### WHAT IS EXPECTED
Each record should reappear exactly in your answer, minus any picture.
··· SUPPLIED INFORMATION
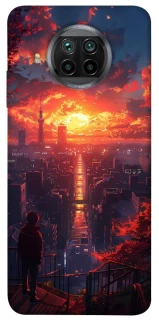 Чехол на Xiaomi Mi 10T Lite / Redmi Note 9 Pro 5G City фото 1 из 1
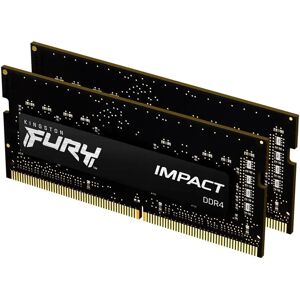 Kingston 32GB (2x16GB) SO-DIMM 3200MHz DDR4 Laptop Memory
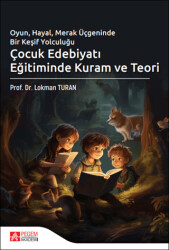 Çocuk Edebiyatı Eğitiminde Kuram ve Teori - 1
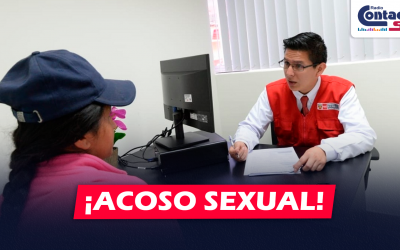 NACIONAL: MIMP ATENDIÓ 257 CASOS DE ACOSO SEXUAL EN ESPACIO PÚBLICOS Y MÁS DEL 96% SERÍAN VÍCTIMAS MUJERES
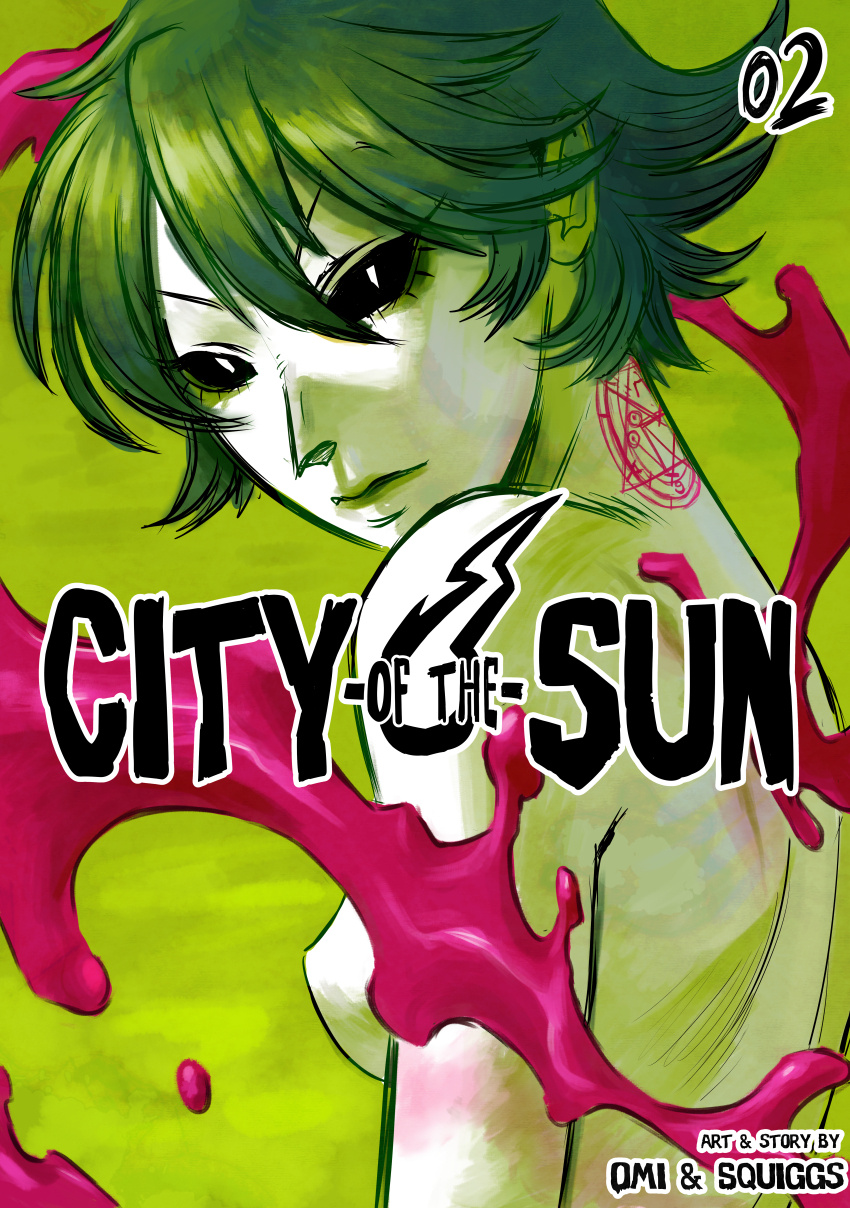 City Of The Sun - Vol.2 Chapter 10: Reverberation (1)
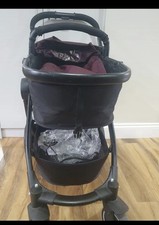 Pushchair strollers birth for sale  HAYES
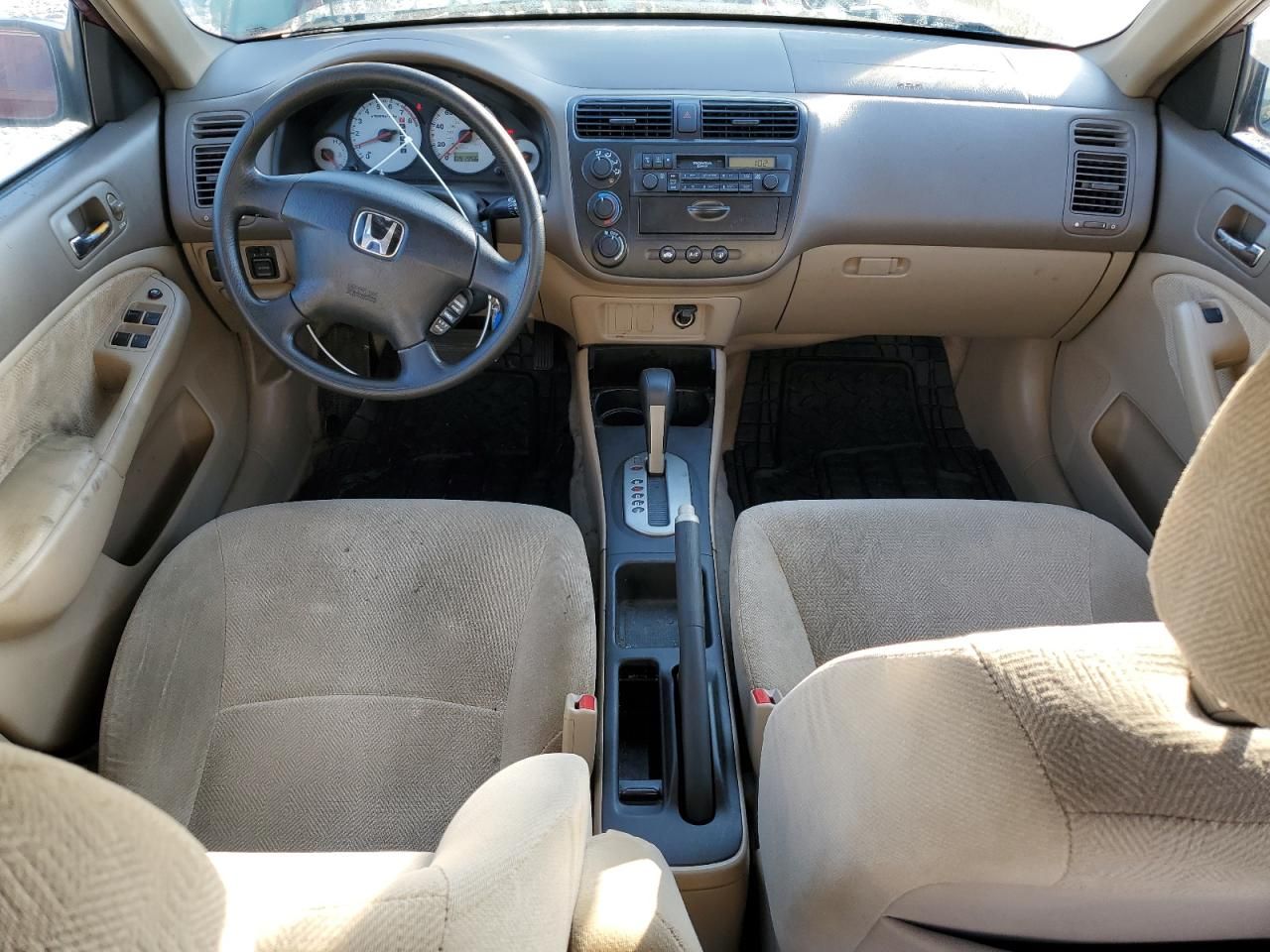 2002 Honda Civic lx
······
### SOLUTION TO THE PROBLEM
 Чехол на Xiaomi Mi 10T Lite / Redmi Note 9 Pro 5G City фото 1 из 1
 Kingston 32GB (2x16GB) SO-DIMM 3200MHz DDR4 Laptop Memory
 Çocuk Edebiyatı Eğitiminde Kuram ve Teori - 1
 NACIONAL: MIMP ATENDIÓ 257 CASOS DE ACOSO SEXUAL EN ESPACIO PÚBLICOS Y MÁS DEL 96% SERÍAN VÍCTIMAS MUJERES
 City Of The Sun - Vol.2 Chapter 10: Reverberation (1)
 Pushchair strollers birth for sale  HAYES
 2002 Honda Civic lx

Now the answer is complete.